Raffaele Livio Ponti, visiting Instructor in orchestral studies and director of the FIU Symphony Orchestra, is already familiar to Florida audiences. He currently serves as the music director and conductor of Florida’s Charlotte Symphony Orchestra and as the artistic director and conductor of the Paducah Symphony Orchestra. Ponti has worked with world class artists and has led the Buffalo Philharmonic and Erie Philharmonic with immediate return engagements. He is also the former principal conductor and music director and now regular guest conductor of Italia Konzert Opera International in San Gimignano, Italy.

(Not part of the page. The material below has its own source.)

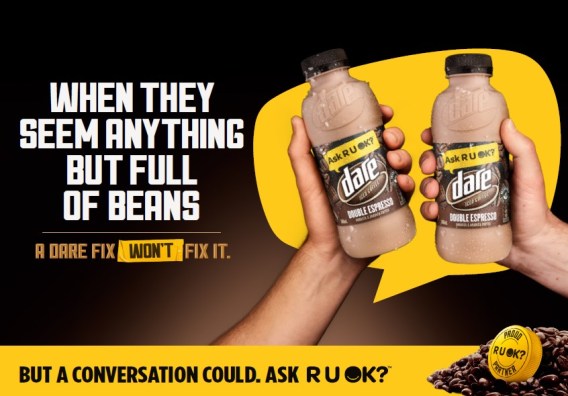Dare Iced Coffee partners with R U OK?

Candice Davenport, visiting instructor in music education, has nearly completed her Ph.D. in Music Education at the University of Miami, where she taught seminars for student teachers and instrumental methods courses, and mentored pre-service teachers in the Music Reach elementary school outreach program. In addition, she holds degrees from Northwestern University (M.M.) and the University of South Alabama (B.M.). Candice also received certification from the Technology Institute for Music Educators and the Smithsonian Folkways World Music Pedagogy. Her research interests include musical creativity, technology integration, blended and online teaching and learning, social issues and psychology, and interdisciplinary and project-based learning in music education.

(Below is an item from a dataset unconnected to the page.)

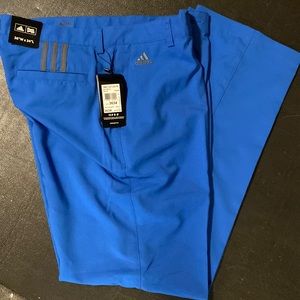 Adidas mens golf pants 36x34 NWT blue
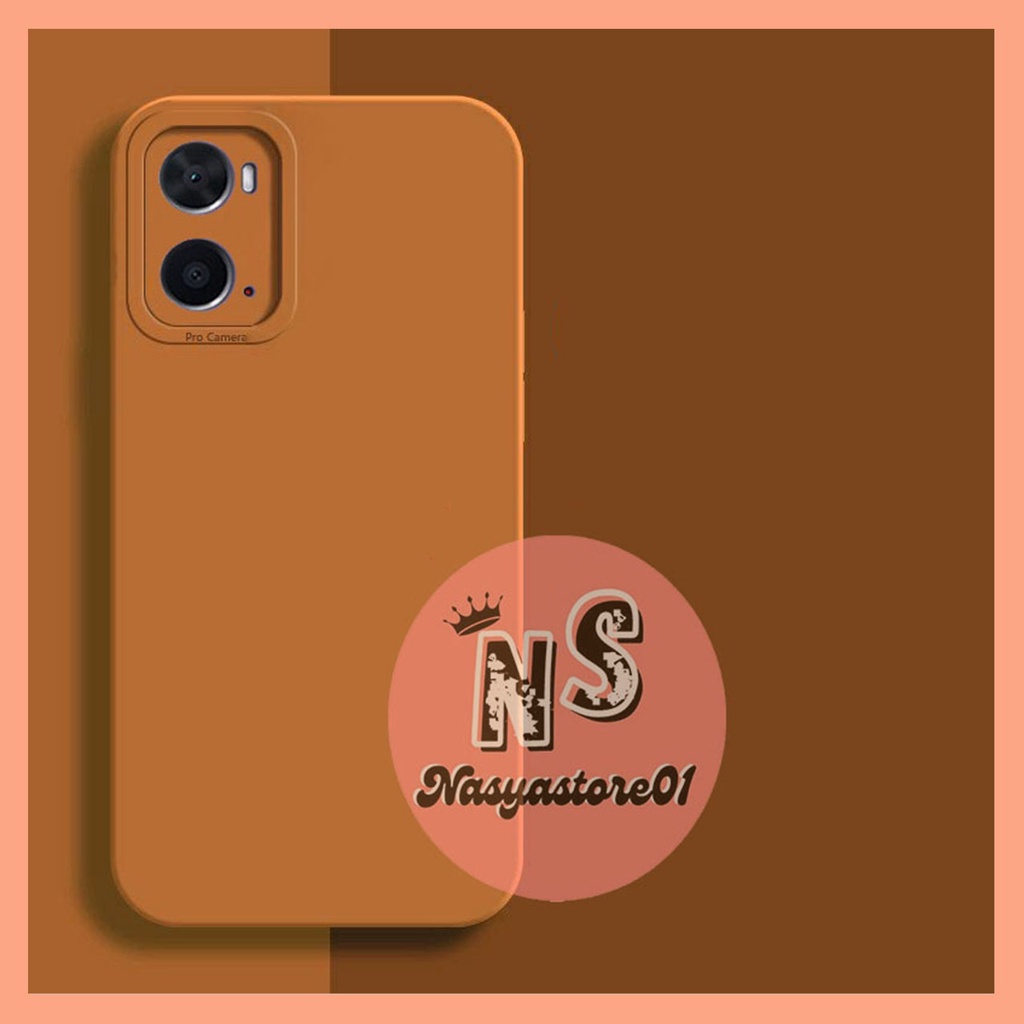 CASING HP OPPO A76 / OPPO A36 / OPPO A96 Macaron Color Camera Protector Liquid Silicone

Federico Bonacossa, instructor in music theory & music history, holds a master’s degree from Peabody Conservatory and a Ph.D. from the University of Miami in classical guitar performance and music theory. He also holds a master’s degree in music composition from Florida International University where he studied composition and electronic music. As a performer he is involved in promoting new music for guitar, especially works that feature electronics and is also a member of the Miami Guitar Trio.